Il lui sembla n'avoir pas dormi du tout lorsqu'il se réveilla en un énième sursaut une bonne heure plus tard. Des images de la guerre passaient à toute vitesse devant ses yeux alors qu'il était plongé dans le noir complet. Il se redressa pour s'asseoir, sa couverture était en boule au pied du lit et il frissonna, tremblant et fiévreux. Incapable de penser clairement. Seule la peur de se rendormir le tenait éveillé.

Il ne se souvenait que très mal du dernier cauchemar qu'il avait fait mais il était certain que celui-ci avait un lien avec la recherche des Horcruxes. Et sa mort aussi. En l'espace d'une heure, Potter avait l'impression d'être mort plusieurs fois. La sensation était horrible.

Le brun se replia sur lui-même en essayant de récupérer un peu de chaleur, profondément ébranlé par cette suite de cauchemars qui ne voulait pas s'arrêter.

Il tenta de chasser les images incohérentes qui lui revenaient sans cesse en tête pour se détendre un minimum mais rien ne fonctionna et il eût très vite la sensation de suffoquer. Harry savait que son état de fatigue et de panique n'allait rien arranger, il sentit sa magie lui échapper davantage et cela ne fit que renforcer sa détresse. Il éprouva l'envie irrépressible de se lever, lorsqu'il entendit quelqu'un d'autre le faire.

Le lion se figea avant de se rappeler qu'il n'était pas seul, qu'il n'était plus seul. Un lit de camp fut replié, transporté puis déposé à côté du sien et Harry sentit la présence d'un autre corps proche de lui. Un corps d'où émana une voix sifflante.

§ Je n'arrive pas à dormir et tu fais cauchemar sur cauchemar depuis que tu t'es endormi. §

Ça ne sonnait pas comme un reproche mais plutôt comme un constat. Un constat qui amenait vers une conclusion. Conclusion qui venait avec l'affirmation.

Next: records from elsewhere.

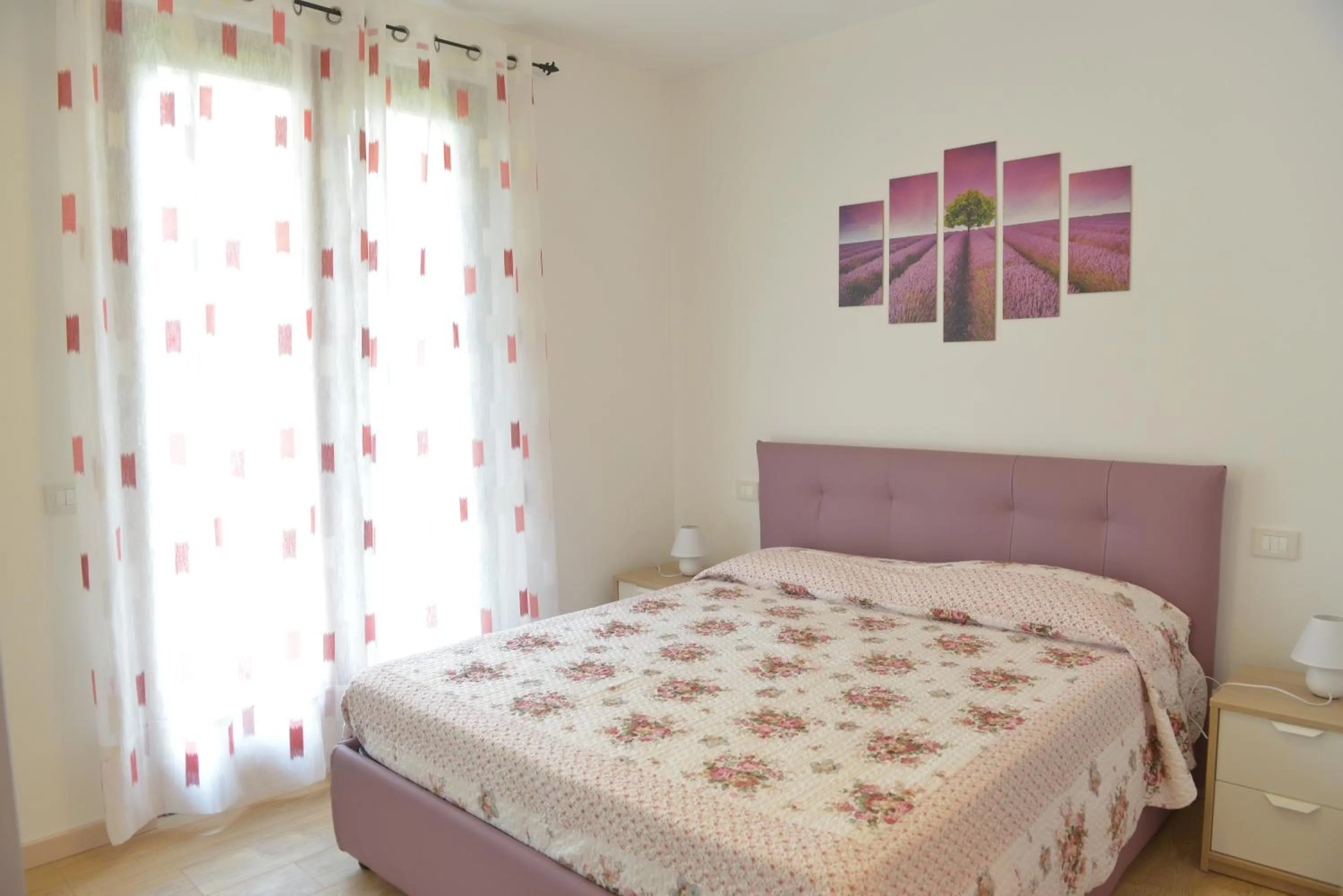 Bed in Villa Artemia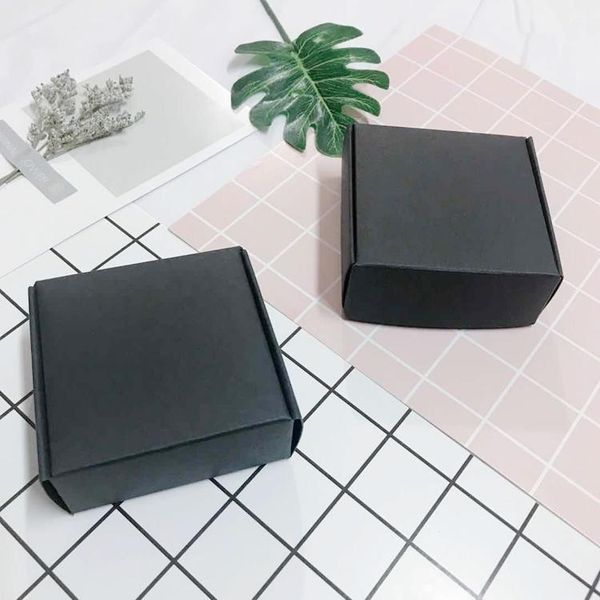 

small kraft paper boxbrown cardboard handmade soap boxwhite craft paper gift boxblack packaging jewelry box h jllgoo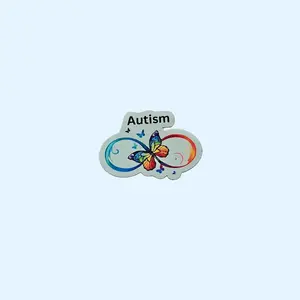 Autism Acceptance Infinity Symbol Butterfly Magnet for Awareness and Support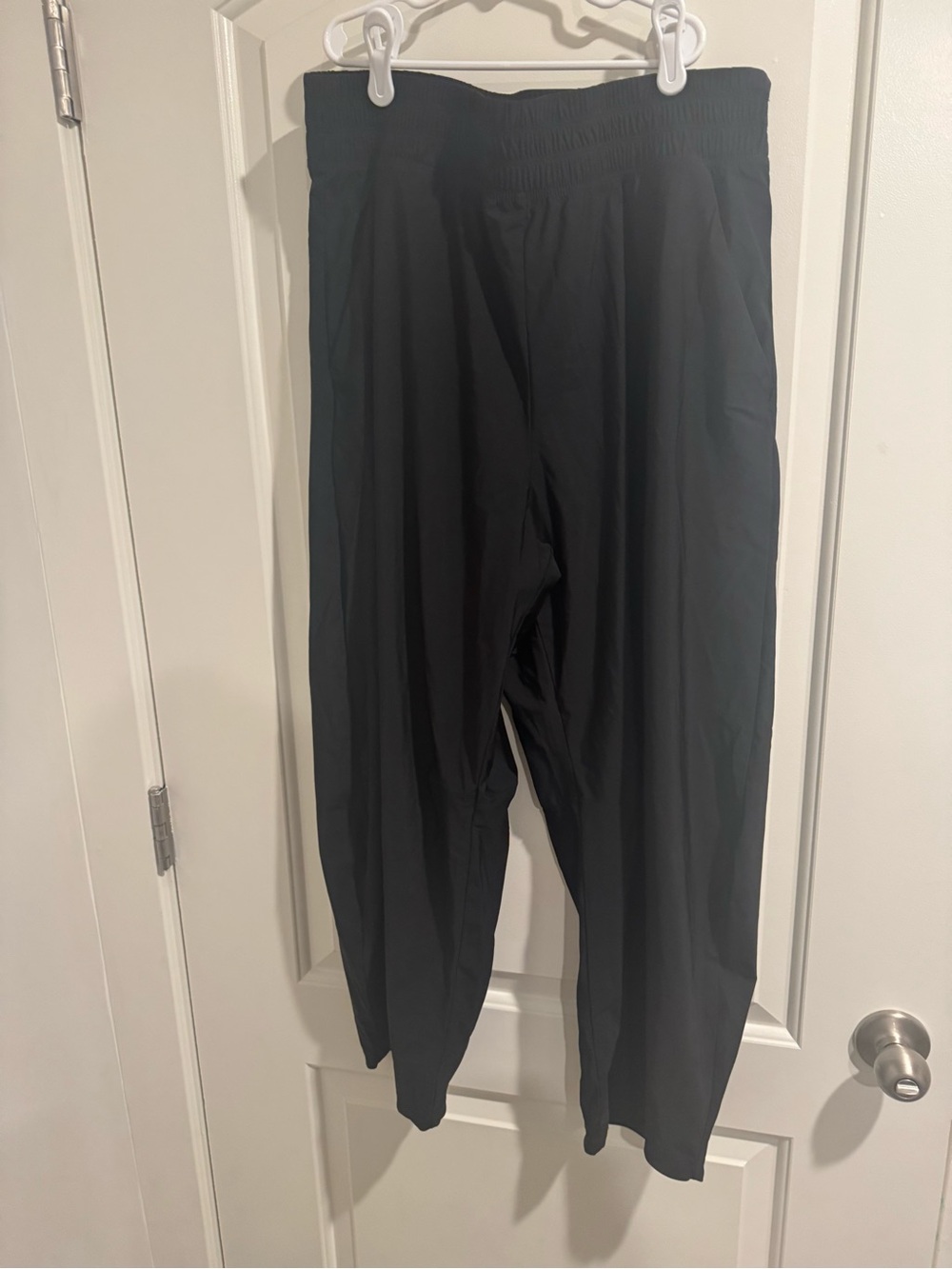 Womens Barrel leg sleektech Elastic-Waist althetic Pants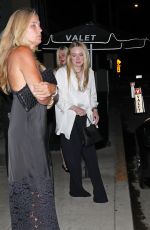 ELLE and DAKOTA FANNING Leaves Dinner at Giorgio Baldi in Santa Monica 07/15/2025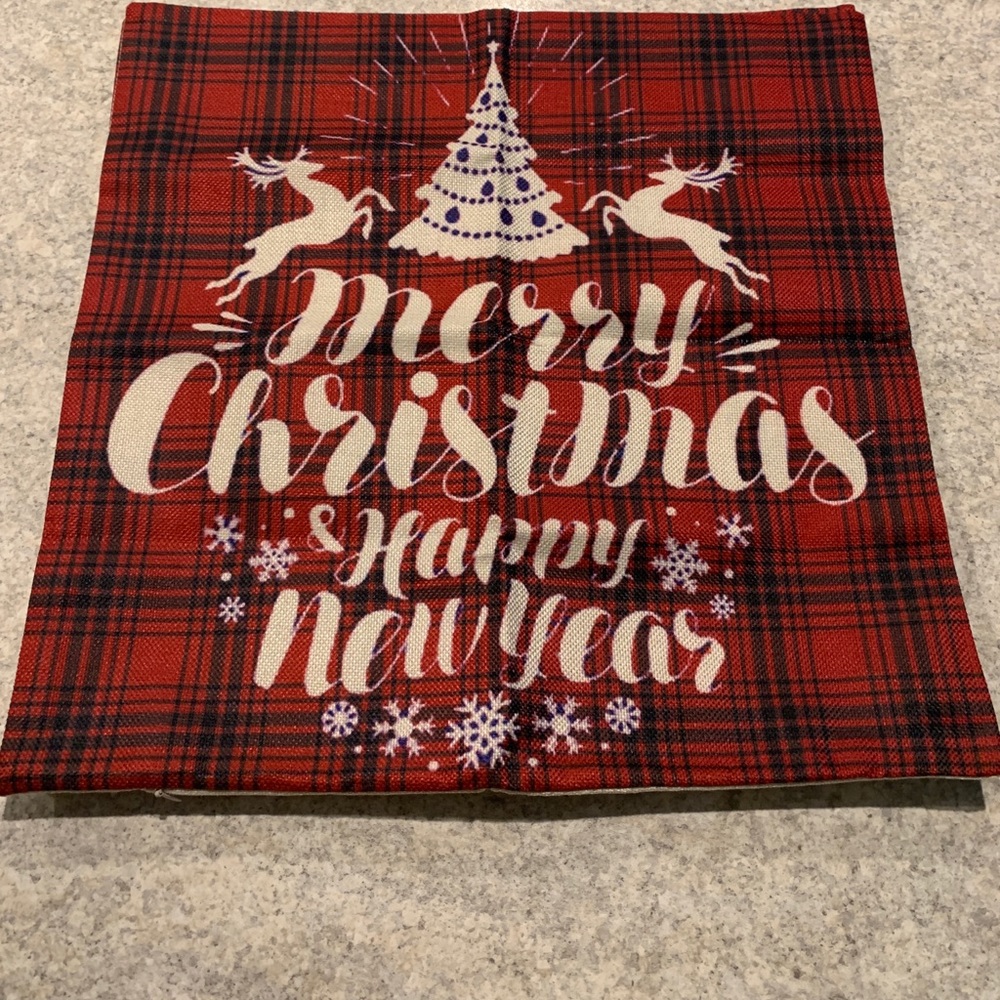 18x18 Burlap Pillow Case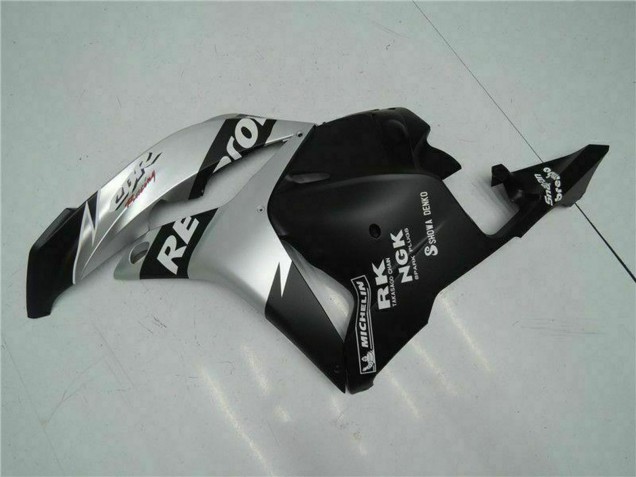2009-2012 Honda CBR600RR Motorcycle Fairings - Silver Matte Black Repsol Canada for Sale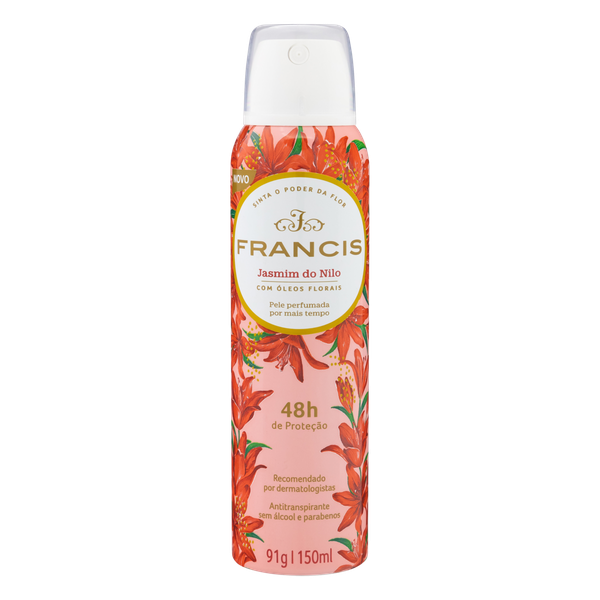 DESOD AERO FRANCIS FEM 150ML JASMIN NILO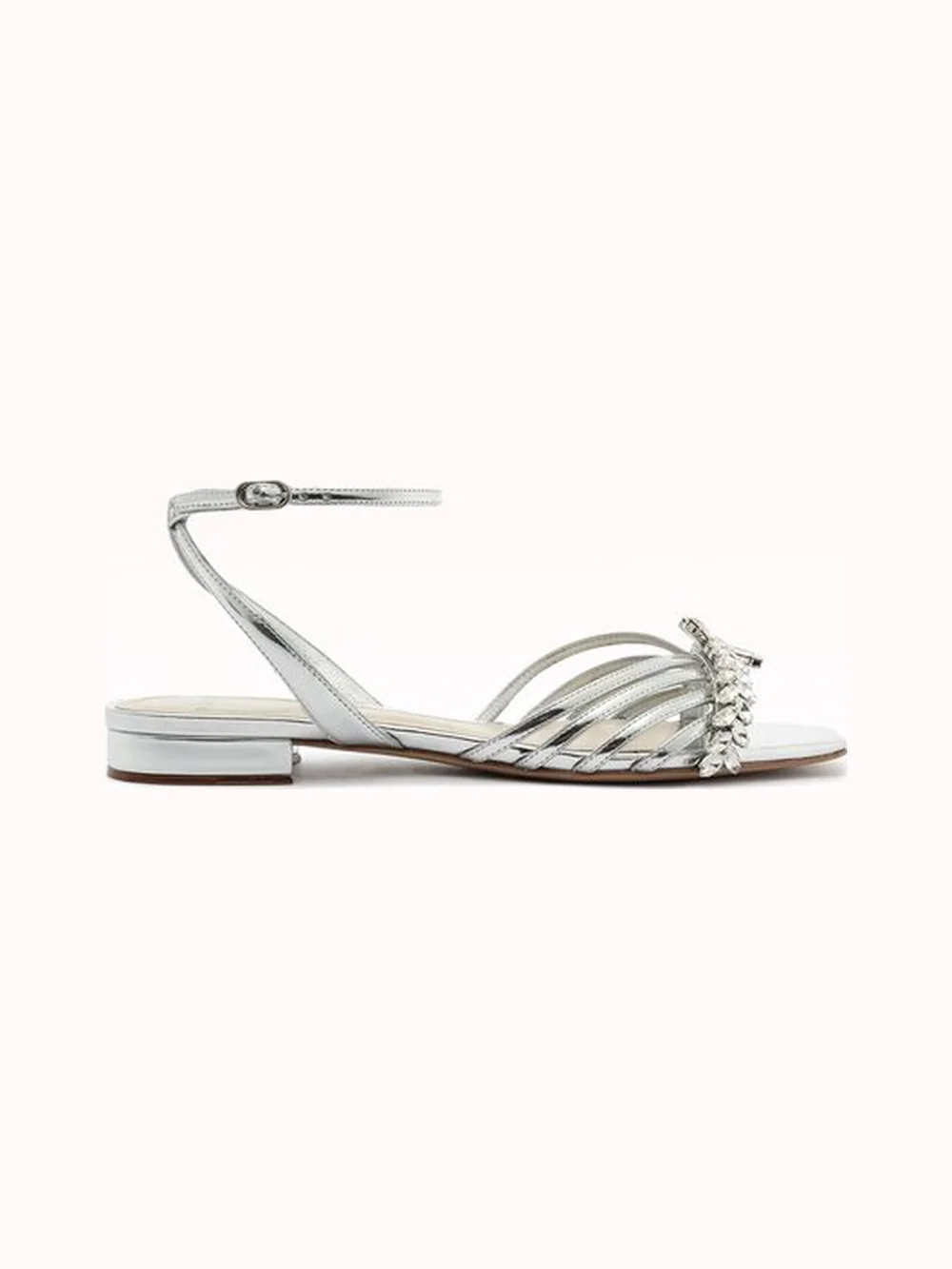 Iggy Flat Silver — Alexandre Birman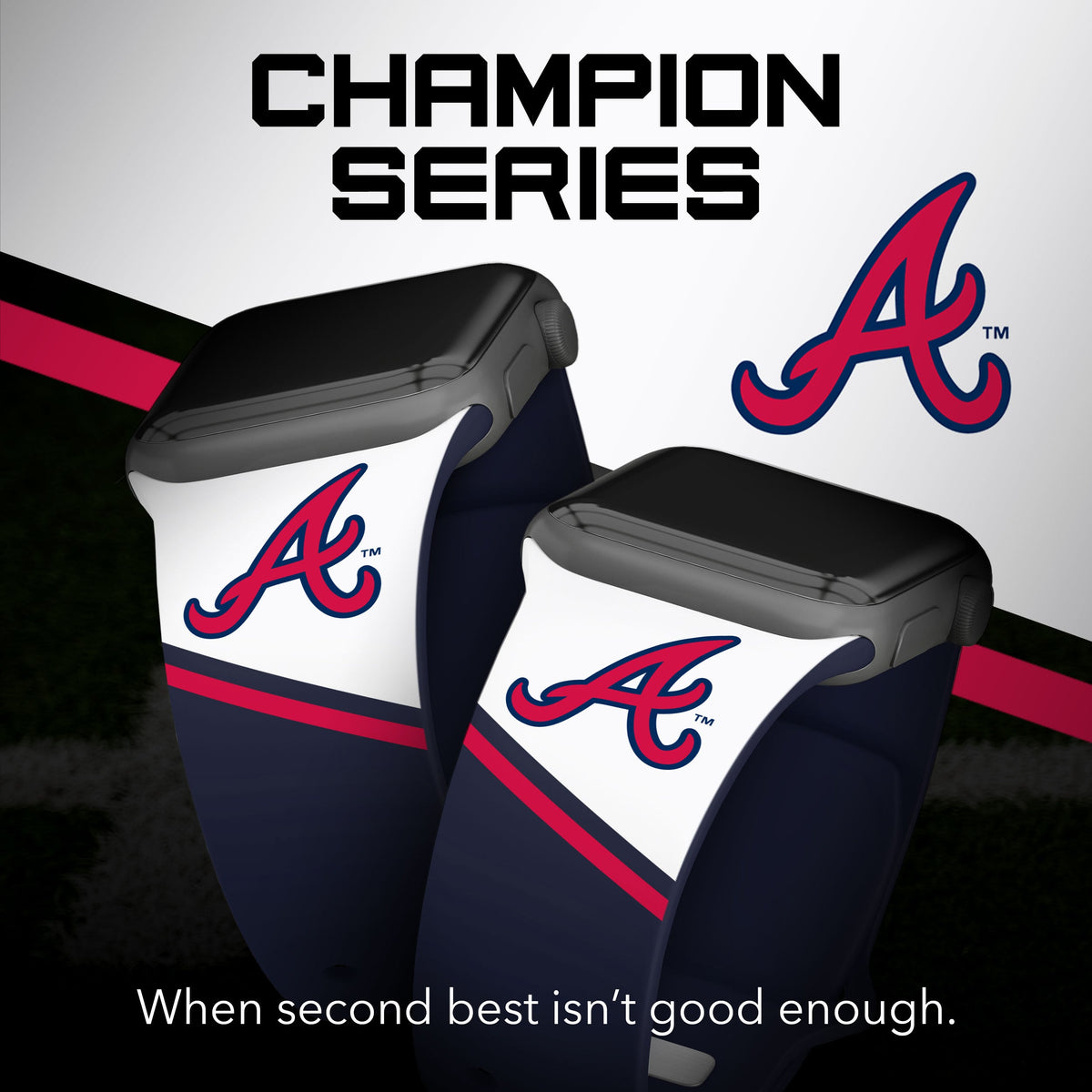Atlanta Braves HD Champion Series Apple Watch Band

§ On dort mal lorsqu'on est séparé. §

Harry se sentait trop démuni pour contredire Tom à ce sujet. Il avait raison. Ils dormaient bien ensemble. Ça ne voulait pas dire qu'ils ne pouvaient pas dormir l'un sans l'autre. Ça signifiait juste qu'ils dormaient mieux à deux.

Même s'il se sentait plus en sécurité, le champion ne réussit pas à chasser complètement les images qui obnubilaient son esprit. Harry ne cessait de changer de position pour tenter de gagner un peu de chaleur. Chaleur qui n'osait pas s'insuffler par magie, de peur que celle-ci ne se retrouve encore plus chaotique qu'elle ne l'était déjà. Et lorsqu'il se sentait proche de l'endormissement, une image de son cauchemar lui revenait et le sortait du sommeil dans un sursaut désagréable. La peur l'empêchait de se rendormir.

Après un moment de ce manège, Tom ne le supporta plus et alors qu'Harry lui tournait le dos, il lui demanda.

§ Est-ce que je peux te prendre dans mes bras ? §

Tom avait froid, ils avaient froid et Harry ne semblait pas capable de surmonter ses cauchemars seul. Ça semblait être une solution aux deux problèmes. Potter souffrait et Jedusor le supportait difficilement, il lui fallait trouver une solution. Un câlin paraissait en être une. Le Seigneur des Ténèbres ne l'avait jamais vécu mais il savait que les personnes qui s'aimaient se prenaient dans les bras lorsqu'elles se sentaient mal, lorsqu'elles faisaient de mauvais rêves.

Tom en avait envie. Il y pensait depuis un moment maintenant mais même s'il avait voulu le faire dès qu'il avait rejoint son compagnon, le mage noir savait qu'il ne le pouvait pas. Il lui fallait demander la permission avant. Il avait donné sa parole à Potter qu'il ne ferait rien de ce genre sans son aval. Le prendre dans ses bras semblait moins intime qu'un baiser alors le jeune mage noir jugea qu'Harry pouvait dire oui. Il avait ses chances mais même en sachant ça, il ne voulait pas le faire sans autorisation. Les promesses semblaient importantes pour le Survivant et si elles l'étaient pour Harry, elles l'étaient pour lui aussi.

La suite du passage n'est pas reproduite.